Diz Ferreira de Castro, sobre a escrita de A selva:

Era das seis e meia às oito da noite, depois de haver estendido num divã, durante alguns minutos, a fadiga trazida, como um fato de chumbo, do magazine e do jornal, que me embrenhava na Amazónia. E nem todos os dias, porque a vida tinha ainda mais exigências e outras vezes eu regressava a casa tão exausto, tão saturado de papel em branco e de papel impresso, que me faltava disposição, frescura e forças para retomar a minha pena.

Este tipo de relato, para além de desmontar a romantização da escrita, é também mais uma evidência de que a grande obra literária não sai sem que haja uma motivação descomunal, uma necessidade absoluta e irracional de escrevê-la, que suplanta pela força todos os possíveis obstáculos. Tomar consciência do cenário descrito por Ferreira de Castro diante do romance finalizado nos inclina a creditá-lo a algum milagre. Mas, decerto, nas grandes obras há menos milagre do que esta violentíssima sensação de dever.

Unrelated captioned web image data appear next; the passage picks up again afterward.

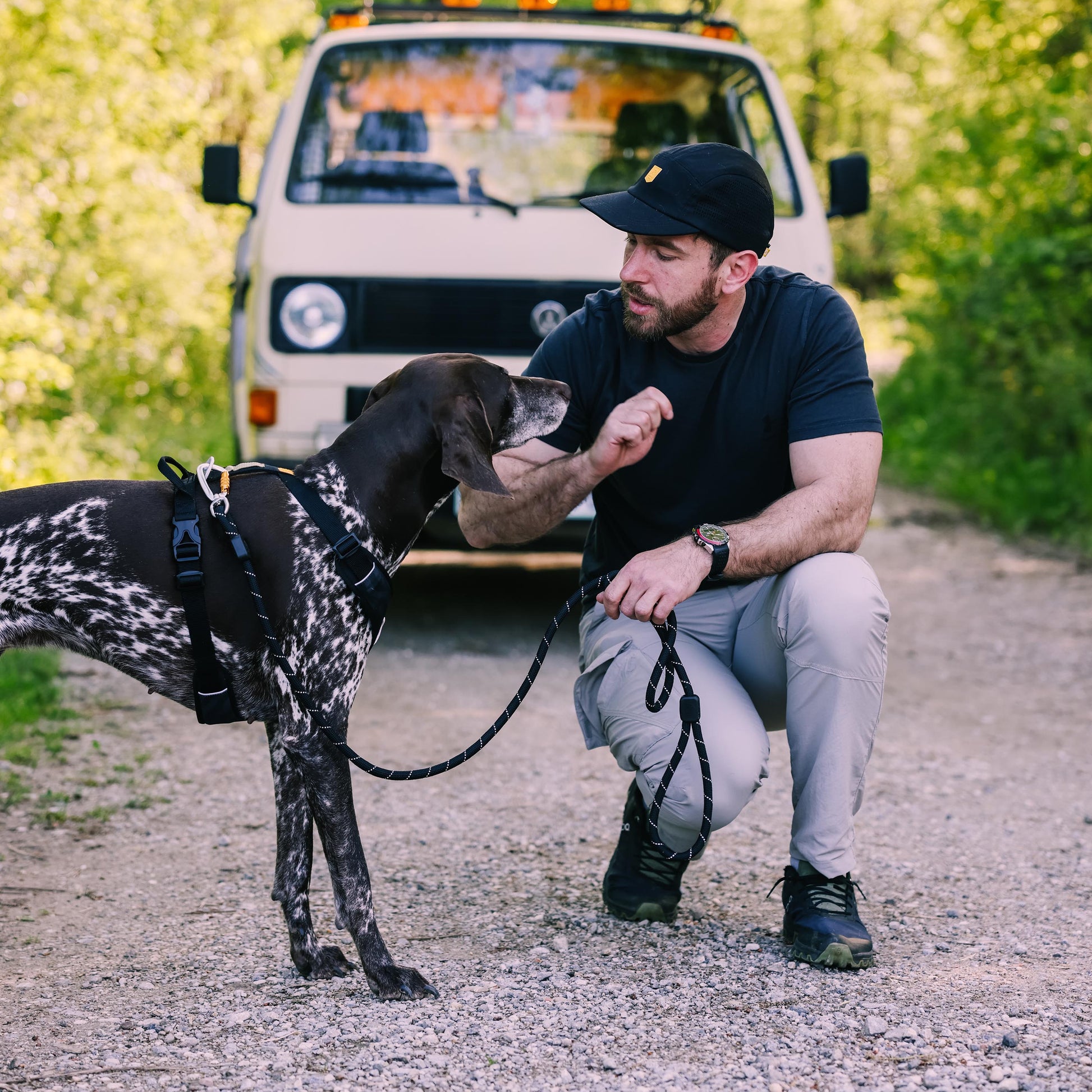 Man kneeling on a gravel road, petting a dog, with a beige van and trees in the background.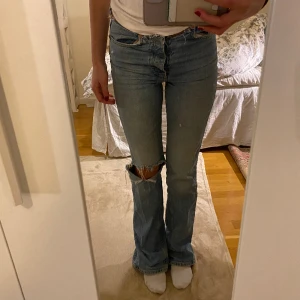 Midwaist flare jeans  - Midja(tvärs över):38 cm Innerbenslängd: 83 cm Medelhög midja med hårt jeansmaterial, en liten slits där bak längst ner på jeansen. Hål på knät. Bra skick.
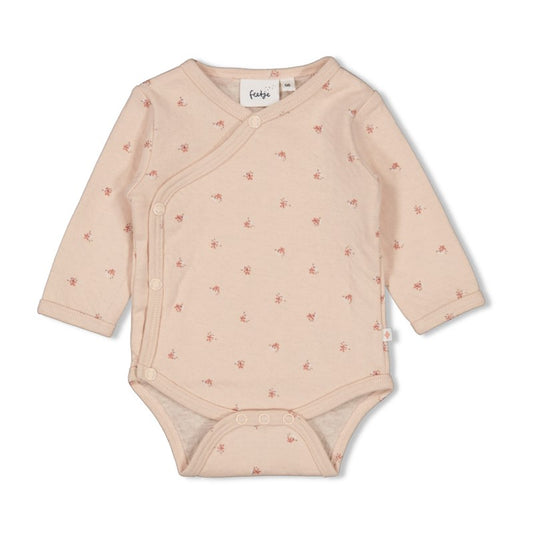 Schöner Wickelbody in hellem rosa mit Blumenmuster aus 100% Bio-Baumwolle 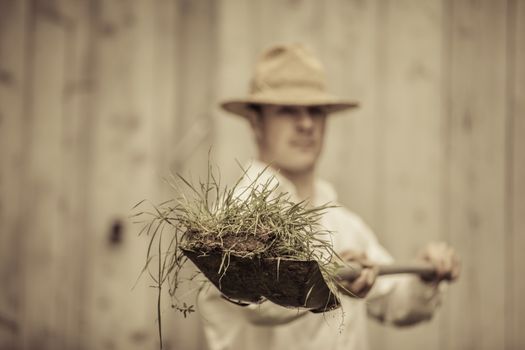 Farmer with a Shovel Full of Grass. Focus on the Grass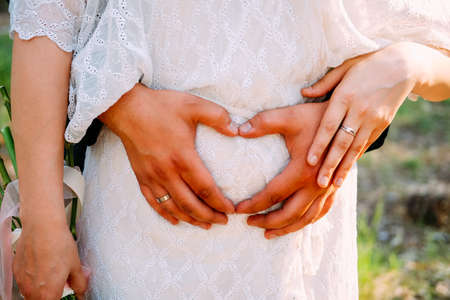 Newly married couple of lovers hugging and touching the belly walking outdoors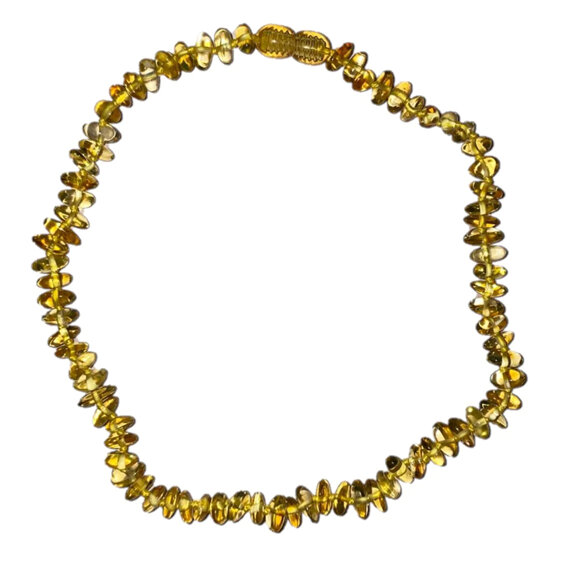 This natural amber teething necklace not only looks super cute, but its amber be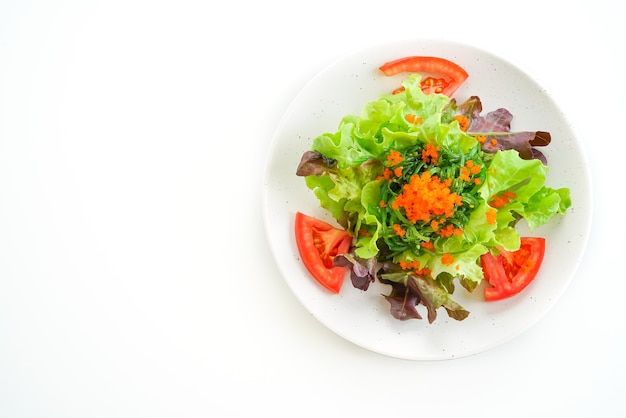 vegetable salad with Japanese seaweed and shrimp eggs on white table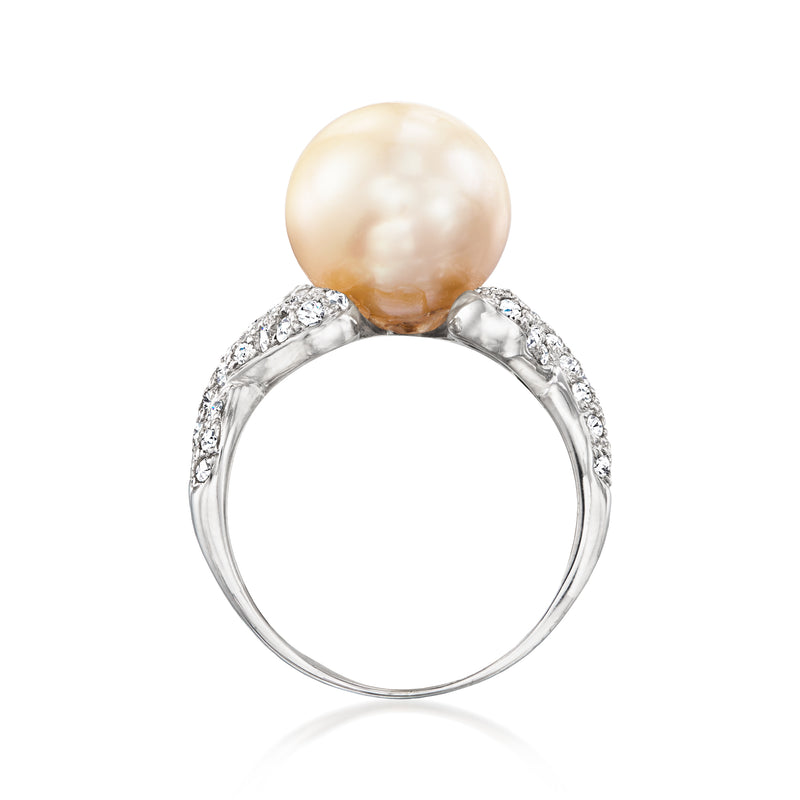 Vintage pearl and diamond ring with open white-gold band and halo of round stones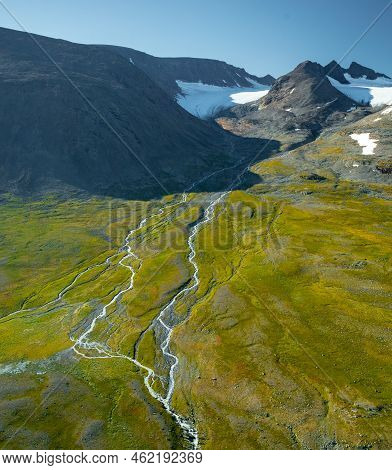 Wild River Flowing From Mountain Glaciers In Vast Remote Arctic Landscape. Ahpartjahkka Mountain In 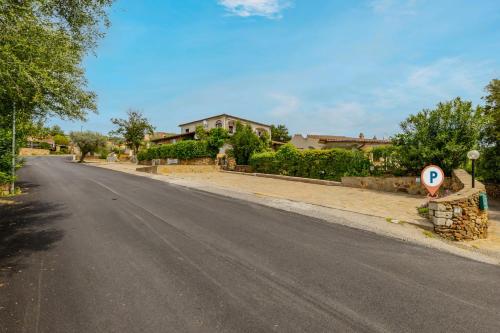 an empty street with a street sign in front of houses at Altair in Agrustos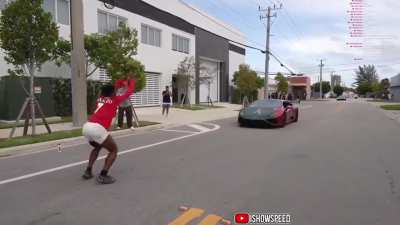 IShowSpeed jumps over 2 cars on livestream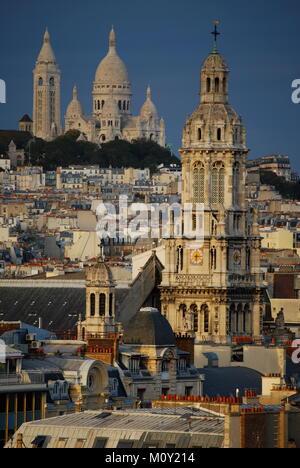 An amazing view of the Sacre Coeur with the Church of Saint Trinity in the foreground Stock Photo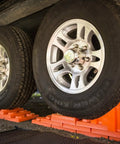 Stop N Chock 2 Pack For No Fuss Safe Parking And Easy Stabilization interlocking orange PLA chocks under RV tires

A despeito de parecer hoje inexistente…

A despeito de parecer hoje inexistente após décadas de sistemática e veemente relativização, o senso comum permanece como a mais sólida baliza moral do homem ordinário. Não é a lei que o orienta, não é na lei que ele pensa quando age ou deixa de agir. Se não mata, se não rouba, é porque assim prescreve o senso comum, havendo ou não havendo lei. O efeito desta, aliás, graças ao estado moderno, é torná-lo sempre mais ou menos infrator. Quer dizer: se não corresponde a lei ao senso comum, não é possível enxergá-la como justa, e seu efeito não pode jamais ser educativo, como teoricamente se pretende. E disso tudo, o mais curioso é que chegará o dia em que alguém terá de notá-lo, terá de notar a falência do direito moderno perante o antiquíssimo senso comum. E, então, caso se queira transcrevê-lo juridicamente, já não será possível — a menos que se admita novamente a religião.

A lei só cumpre a função social…

A lei só cumpre a função social pela qual se justifica quando é expressão jurídica do senso comum. A partir do momento em que se precisa recorrer a um especialista para conhecê-la, ou melhor, a partir do momento em que se torna conhecimento especializado, distante, e não universalmente apreendido por óbvio, a lei perde a função social e torna-se mero meio de opressão por parte daqueles que detêm o poder de aplicá-la ou se beneficiam de sua aplicação.

O impressionante do hábito é acostumar…

O impressionante do hábito é acostumar a mente a tarefas difíceis, fazendo com que pareçam quase, quase fáceis; e, mesmo que não chegue a tanto, trivializa o fazê-las, algo por si só extraordinário. Psicologicamente, habituar-se a fazer algo é fazê-lo com menor esforço, como ligando um modo de execução automático. E só é possível notar o quão benéfico, o quão poderoso é o hábito ao rompê-lo e, em seguida, tentar fazer o que antes se fazia com naturalidade. Quase sempre, menor que o esforço necessário para retomá-lo é aquele necessário para desistir.